M. Ben Djebara, A. Nasri, S. Mrabet, A. Gargouri, I. Kacem, R. Gouider (La Manouba, Tunisia)

Meeting: 2018 International Congress

Abstract Number: 1538

Keywords: Autonomic dysfunction, Autonomic nervous system, Dysautonomia(see autonomic dysfunction)

Session Information

Date: Monday, October 8, 2018

Session Title: Parkinson's Disease: Non-Motor Symptoms

Session Time: 1:15pm-2:45pm

Location: Hall 3FG

Objective: To assess the neurophysiologic cardiac autonomic findings and Sympathetic skin response (SSR) in a Tunisian cohort of Parkinson’s disease (PD).

Background: Prevalence of dysautonomia was estimated to 20-40% in PD. Both altered heart rate variability (HRV) and abnormal sympathetic sudomotor activity, resulting from peripheral autonomic synucleinopathy, can be neurophysiologically detected.

Methods: A cross-sectional study was conducted in the Department of Neurology at Razi Hospital in Tunisia (January 2015-December 2017) including 102 PD patients. Demographic, clinical and therapeutic data were collected. Cardiac parasympathetic (Heart rate variation to deep breathing (HR-DB), to Valsalva (HR-V), heart rate response to standing (HR-S)) and sympathetic (sympathetic skin response (SSR)) autonomic system were assessed. Patients were graded as per Ewing’s criteria into normal, early or definite autonomic dysfunction.

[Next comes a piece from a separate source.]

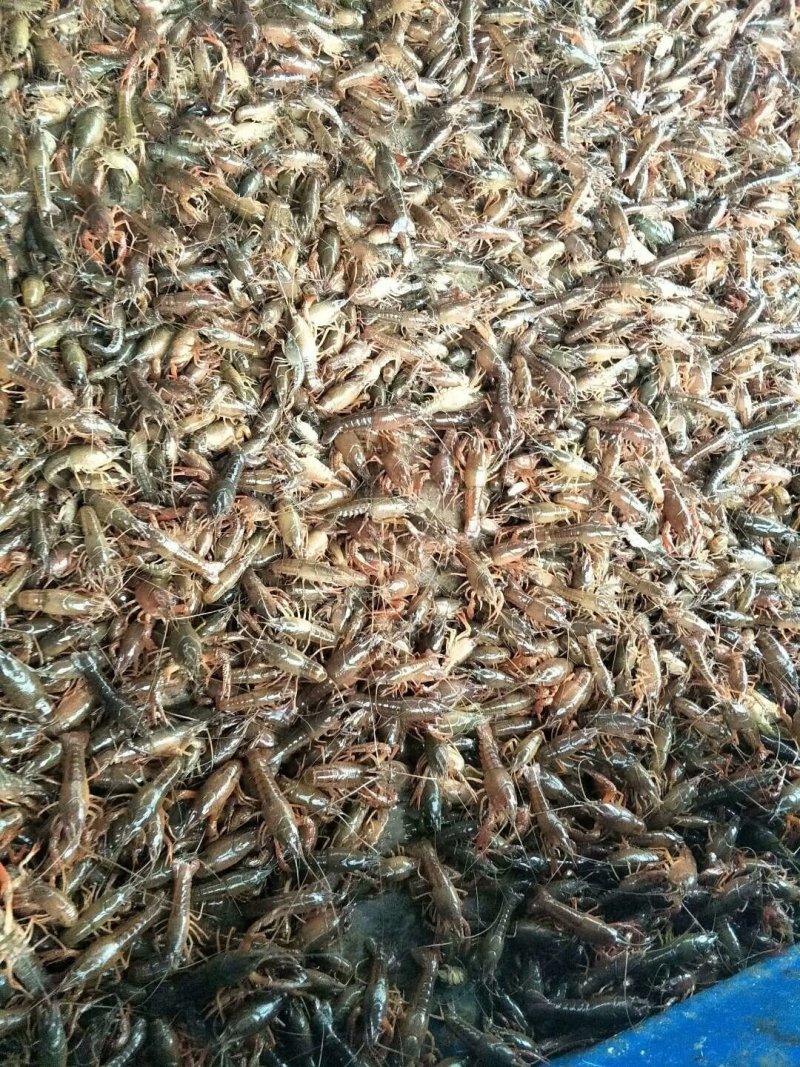 小龙虾苗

Results: In our study population, the sex-ratio was 1,8, the mean age was 65 years [36-88]; the mean age of onset of PD was 59 years [50-88] and the mean disease duration was 6 years [0,5-31]. Dysautonomic complaints were reported in 83,3%. The mean age of onset of dysautonomia was 62 years [28-87]. Neurophysiologic dysautonomia was found in 93,1%. Parasympathetic dysautonomia was found in 89,2% (early in 63,8% and definite in 25,4%). HR-DB was altered respectively in 6%, HR-V in 31,3% and HR-S in 84,7%. Sympathetic dysautonomia was found in 22,5% (associated to parasympathetic dysautonomia in 18,6% and isolated in 3,9%). There was no significant association between the existence of neurophysiologic autonomic dysfunction and dompaminergic drug intake (levodopa, dopaminergic agonists and amantadine).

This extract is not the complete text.